8-Öğrencilerin derse katılımları? Yahu ne öğrencisi, neredeyse dışarıdan insan toplayıp derse katacaklar. Olur da bu kadar olur yani.
Şimdi diyeceksiniz ki ’’Sami Hoca amma da uçtun. Şimdiye kadar müfettişlerin herhangi bir okula olumlu rapor verdiği görülmüşmüdür?’’ Yahu durun. Rapor birtmedi ki hele bekleyin. Unuttunuz yine...Her raporun bir de Ancaaaakkkkk diye başlayan kısmı vardır. Şimdi oradayız.
Ancakkkkkk
Yine yaptığımız denetimler sonucunda aşağıdaki eksiklikler tespit edildiğinden iş bu denetim sonucunda ..... İli......Okulu teftişimizden 60 puan almıştır. Görülen aksaklıklar şunlardır:
1- Okulun banyosundaki soyunma odasındaki bankların üzeri meşin kaplanmamış olduğundan bu banklara oturarak soyunan öğrencilerin kıçları üşümektedir.
2-Yemekler tabldot denilen ve içine farklı yemekler konan tepsilerle verilmektedir oysa porselen tabak olması lazım.
3-Aşçının başındaki kep maviydi oysa yönetmeliklerimiz beyaz kep diyor.
4-Günlük planlarda bazı öğretmenler dersin amacını dersin konusundan sonra yazmışlar oysa, önce amacını, sonra konusunu yazmaları gerekiyordu.
5-Okulun rengini de beğenmedik. Ne o öyle türbe gibi yemyeşil.?
Rapor bu minval üzere eksikliklerin sıralanması ile tamamlanır. Sonra bu raporlar ne olur işin doğrusu bilmem. Milli Eğitim Bakanlığına ilgili birimlere götürülür sanırım. Onlar da bakarlar ki oooooo okullar fıstık. O bahsedilen bir iki eksik nasılsa halledilir.

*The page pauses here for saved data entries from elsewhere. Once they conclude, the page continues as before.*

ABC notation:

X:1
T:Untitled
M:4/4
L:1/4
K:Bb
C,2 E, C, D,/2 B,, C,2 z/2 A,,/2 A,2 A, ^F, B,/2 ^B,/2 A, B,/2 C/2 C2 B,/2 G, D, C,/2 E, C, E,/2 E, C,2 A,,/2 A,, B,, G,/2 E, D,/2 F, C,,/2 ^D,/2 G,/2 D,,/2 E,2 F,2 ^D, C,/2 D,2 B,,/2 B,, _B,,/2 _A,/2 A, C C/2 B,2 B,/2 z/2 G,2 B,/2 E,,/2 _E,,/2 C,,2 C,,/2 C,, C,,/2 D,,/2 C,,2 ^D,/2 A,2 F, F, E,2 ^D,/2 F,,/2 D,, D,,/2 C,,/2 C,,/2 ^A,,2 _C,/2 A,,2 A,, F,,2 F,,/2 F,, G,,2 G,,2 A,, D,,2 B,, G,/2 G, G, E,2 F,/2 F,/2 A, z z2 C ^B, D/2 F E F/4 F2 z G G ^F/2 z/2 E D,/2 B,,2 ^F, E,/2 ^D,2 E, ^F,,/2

Okulda ne olur peki? Her sene ( Evet her sene ), Her dönem başında Öğretmenler Kurulu Karar Gündeminin İstiklal Marşı, saygı duruşu ve yoklama maddesinden sonraki maddesi ’’ En son teftiş raparonun okunması, teftiş raporunda belirtilen eksikliklerin nasıl halledileceğinin mülahaza edilmesidir. En az üç sene böyle devam eder. Bakanlık müfettişleri en erken üç sene sonra uğrarlar bir daha. İlköğretim Müfettişleri ise her sene uğrar lakin - darılacaklar, gücenecekler, hatta kızacaklar biliyorum ama doğruya doğru - onları pek sallayan olmazdı.
Ben ancak ve ancak içinde bulunduğum Milli Eğitimdeki denetimleri yazabilirim. Öyle anlaşılıyor ki başka kurumlarda denetimler farklı oluyor. Öyle ya millet ’’ Yahu on defa denetlenmiş bir ocakta nasıl olur böyle bir facia ??’’ Diye soruyor da.
Peki neden Katliam diye başlık attım? Ne bileyim işte öyle...
Not: Devlet okullarını yazdım ya...Özel okullarda denetim nasıl oluyor onu da anlatayım mı?
YORUMLAR
Artık okullarda öğretmenlerin müfettişler tarafından teftişi kalktı Sami Hocam.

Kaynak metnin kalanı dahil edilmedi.